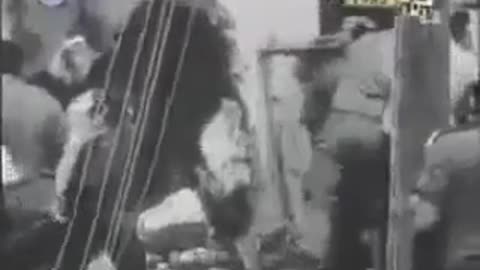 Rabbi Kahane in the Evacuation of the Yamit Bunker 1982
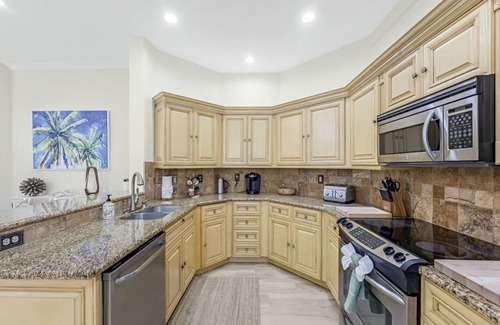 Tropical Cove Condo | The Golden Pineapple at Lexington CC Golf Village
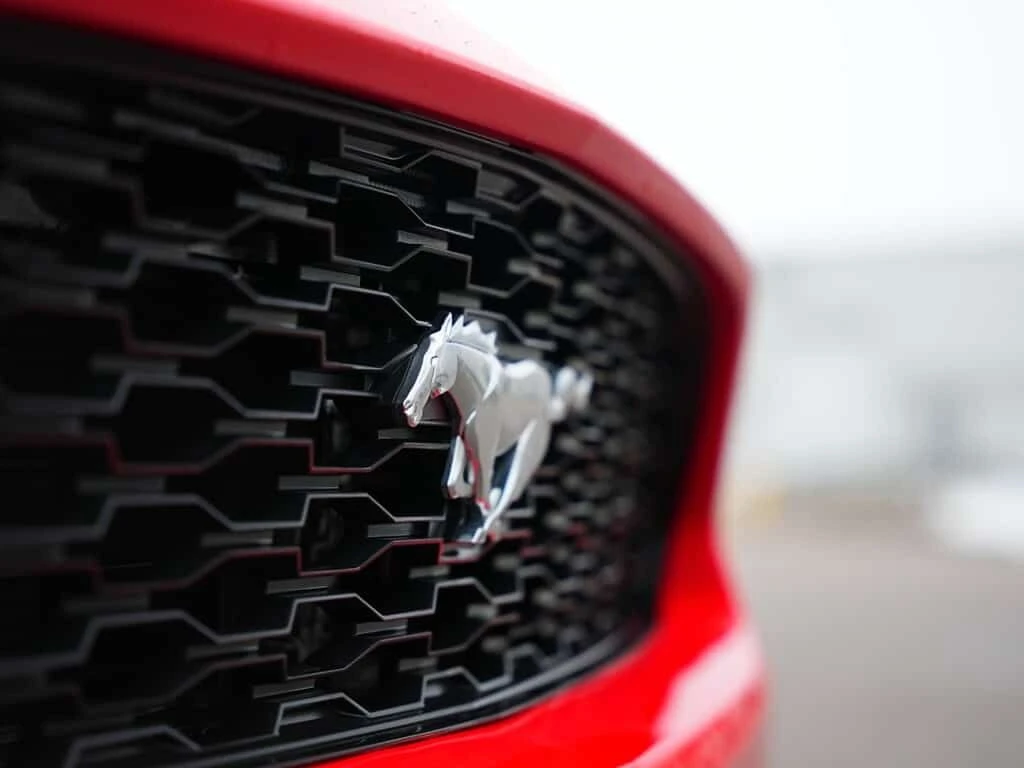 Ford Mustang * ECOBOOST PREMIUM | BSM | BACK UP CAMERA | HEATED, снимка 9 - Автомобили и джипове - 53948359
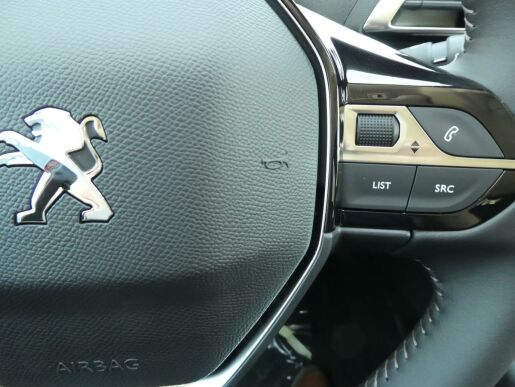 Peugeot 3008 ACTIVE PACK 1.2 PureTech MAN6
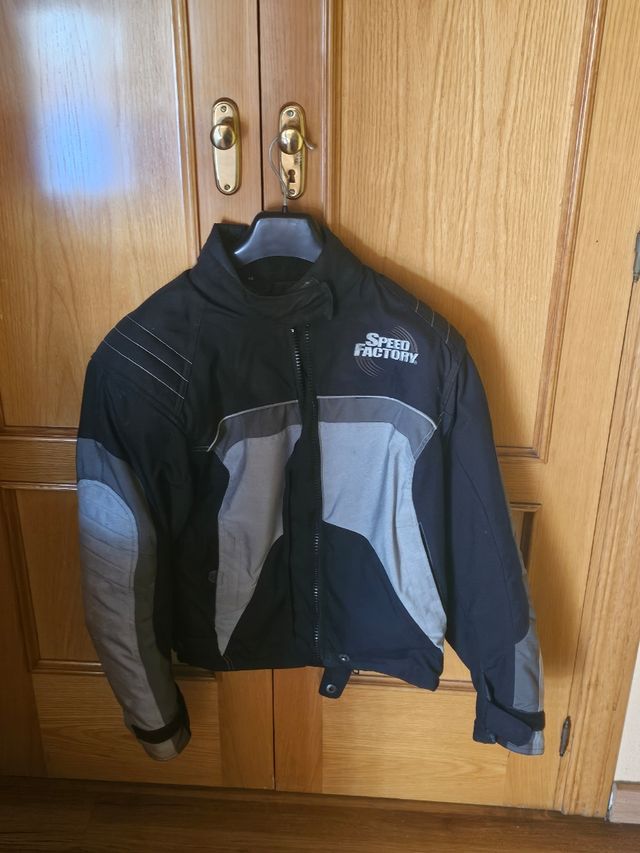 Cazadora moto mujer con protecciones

────────────────────

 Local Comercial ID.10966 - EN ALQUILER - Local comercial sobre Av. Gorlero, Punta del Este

────────────────────

- To do
Everything above from the line that has "Tropical Cove Condo" down to the line that has "Cazadora moto mujer con protecciones" should be output exactly, with both of those lines included. Leave the pictures behind.

- Completed exercise
 Tropical Cove Condo | The Golden Pineapple at Lexington CC Golf Village
 Ford Mustang * ECOBOOST PREMIUM | BSM | BACK UP CAMERA | HEATED, снимка 9 - Автомобили и джипове - 53948359
 Peugeot 3008 ACTIVE PACK 1.2 PureTech MAN6
 Cazadora moto mujer con protecciones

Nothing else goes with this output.